In the given figure, a hollow cone is cut by a plane parallel to the base. If the curved surface area of the frustum obtained is 8 times of the curved surface area of the smaller cone obtained, then which of the following is true?

• A. $r_2=9r_1$
  
• B. $r_2^2=3r_1^2$
  
• C. $r_2=3r_1$
  
• D. $3r_2^2=r_1^2$
  

Answer 1

The correct option is C $r_2=3r_1$


Let $r_{1}and{r}_2$ be the radius of upper end and lower end of the frustum respectively, and $l_{1}and{l}_2$ be the slant height of the smaller cone and the frustum respectively.

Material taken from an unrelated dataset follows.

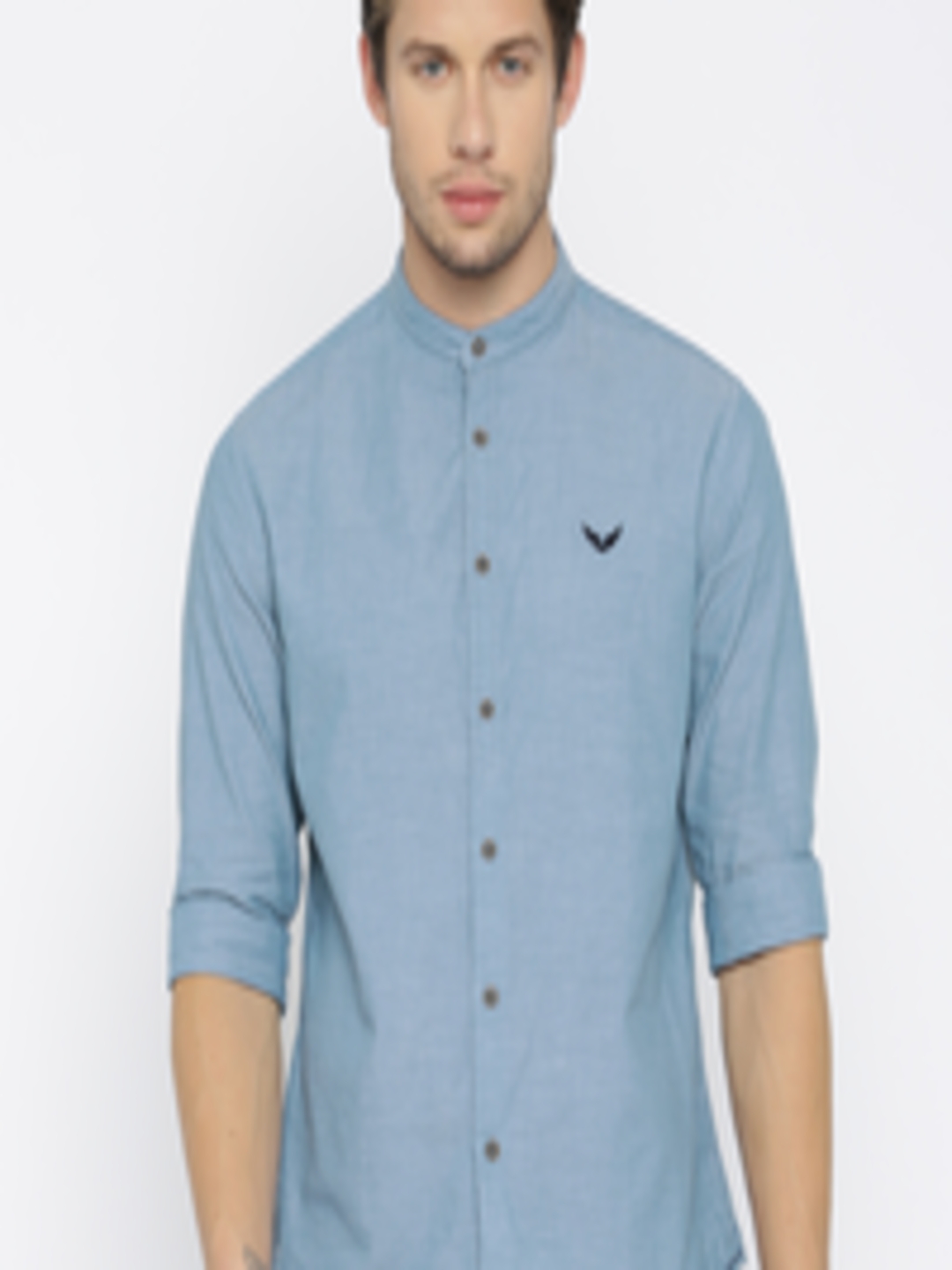 Buy URBAN EAGLE By Pantaloons Men Blue Slim Fit Solid Casual Shirt ...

CSA of frustum = 8 (CSA of smaller cone)

$\Rightarrow \pi (r_1+r_2)l_2=8\left(\pi r_1{l}_1\right)$

$\Rightarrow \frac{r_1+r_2}{r_1}=8\frac{l_1}{l_2}$ ...(i)

Also, the smaller and the bigger cones are similar,

$\Rightarrow \frac{l_1}{l_1+l_2}=\frac{r_1}{r_2}$ (Ratio of the corresponding sides of similar triangles are equal)

$\Rightarrow \frac{1}{1+\frac{l_2}{l_1}}=\frac{r_1}{r_2}$

$\Rightarrow \frac{r_2}{r_1}=1+\frac{l_2}{l_1}$

$\Rightarrow \frac{l_2}{l_1}=\frac{r_2}{r_1}-1=\frac{r_2-r_1}{r_1}$

$\Rightarrow \frac{l_1}{l_2}=\frac{r_1}{r_2-r_1}$ ...(ii)

Substitute (ii) in (i), we get

$\frac{r_1+r_2}{r_1}=8\left[\frac{r_1}{r_2-r_1}\right]$

$\Rightarrow r_2^2-r_1^2=8r_1^2$

$\Rightarrow r_2^2=9r_1^2$

$\Rightarrow r_2=3r_1$

Hence, the correct answer is option (c).